全 情 報

ID番号 03338
事件名 地位保全等仮処分申請却下決定に対する抗告事件
いわゆる事件名 理想社事件
争点
事案概要  出版会社に勤める従業員が沖縄返還協定締結反対の集会に参加しその後行われたデモ行進に際して兇器準備集合罪等により逮捕され後日懲役八カ月、執行猶予二年の刑に処せられたことを理由として、違反行為時とは異なる新就業規則に基づいて懲戒解雇されたケースでその効力が争われた事例。
参照法条 労働基準法89条1項9号
労働基準法第2章
体系項目 懲戒・懲戒解雇 / 懲戒事由 / 政治活動
懲戒・懲戒解雇 / 懲戒権の根拠
裁判年月日 1978年2月22日
裁判所名 東京高
裁判形式 決定
事件番号 昭和51年 (ラ) 860 
裁判結果 抗告棄却(特別抗告)
出典 時報882号109頁/労働判例301号78頁
審級関係 一審/東京地/昭51. 7.20/昭和50年(ヨ)2291号
評釈論文 小西国友・ジュリスト732号149頁
判決理由 〔懲戒・懲戒解雇-懲戒権の根拠〕
〔懲戒・懲戒解雇-懲戒事由-政治活動〕
 特別の定めのないかぎり、一般に、解雇などの意思表示は、意思表示の時点に規律さるべき手続に従ってすれば足りるから、本件では、本件解雇の意思表示をなした時に施行されていた新規則に従って解雇の意思表示をすればよく、したがって本件では、新規則に従ってなした本件解雇の意思表示は、手続的に違法とはいえない。 他方、懲戒は、労働者にとって不利益な処分であるから、特別の定めのないかぎり、問題とされている行為の時を基準として、懲戒権存否の有無を決すべきであるということも、当然、是認されてしかるべき要請である。その意味では、一般的に、問題となっている行為の時に施行されている就業規則等(本件でいえば旧規則)に従って、懲戒権の存否を決すべきであるといえる。

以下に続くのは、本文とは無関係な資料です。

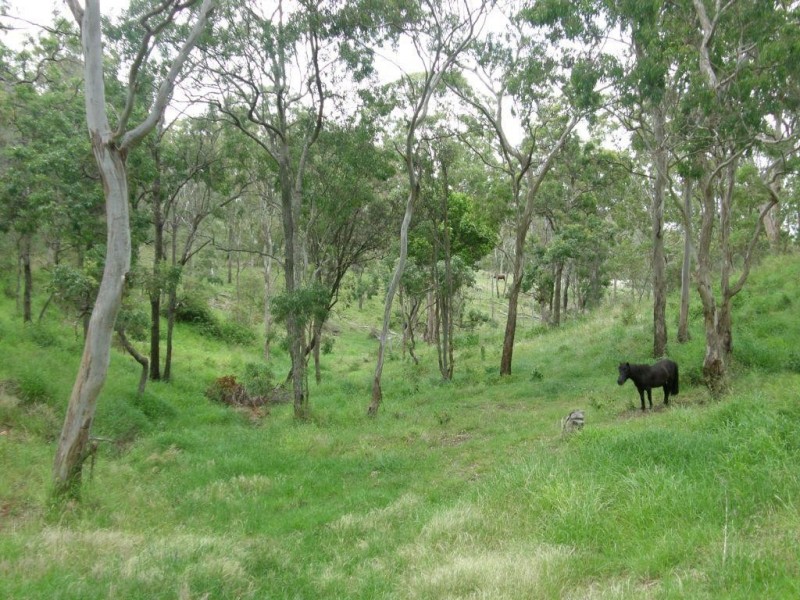 4 Wehl Ct, Mount Rascal QLD 4350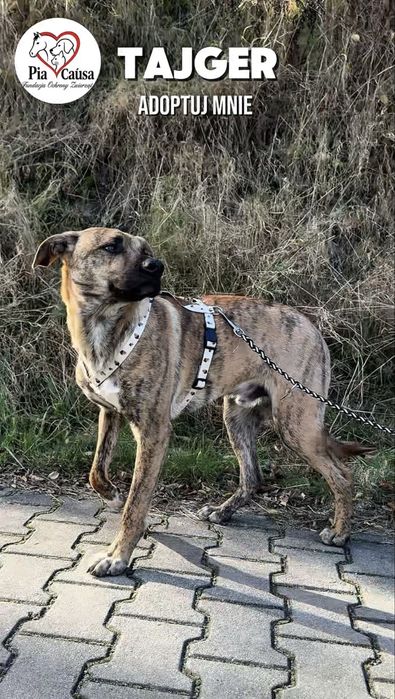 Aktywny Piesek Tajger szuka domku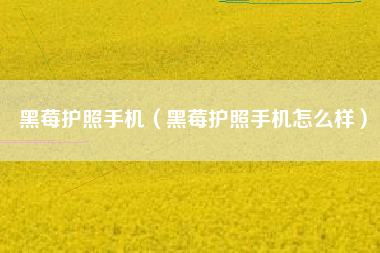 黑莓护照手机（黑莓护照手机怎么样）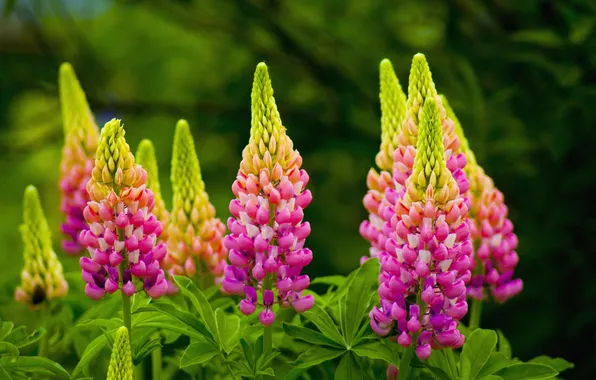 Picture flowers, background, bright, lupins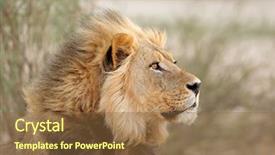  Presentation with male lion - Slides enhanced with african lion panthera leo kalahari background and a tawny brown colored foreground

 6 ただ、ここで留意しなければならないことは、少なくとも、本件で問題となっている事項に関するかぎりにおいては、新規則は、旧規則の懲戒事由以上に附加、拡大したものではなく、これを類型化、細別化したものにすぎず、労働者側にとって、とくに不利益になったものでないことは、前段説示したところから、明らかである。 本件では、抗告人の問題となっている行為は旧規則施行当時になされたものであり、その懲戒権の存否は本来旧規則の規定によって決せられるべきであるが新規則で定められている懲戒事由は(本件と関連するかぎりでは)当然に旧規則上でも懲戒事由として存在していたのであるから、たとい、相手方会社のした懲戒処分が新規則の規定による形式によってなされていたとしても、その懲戒処分が適正・妥当になされているかぎり、旧規則によってされたものより、不利益になるものとはいえない(その意味では、本件で問題になっている事項については、旧規則による懲戒処分であれ、新規則によるそれであり、本来重複になるべき性質のものである)から、抗告人は、旧規則でなさるべきか、新規則でなさるべきかについては、とくに不服を申し立てる利益はないといえよう。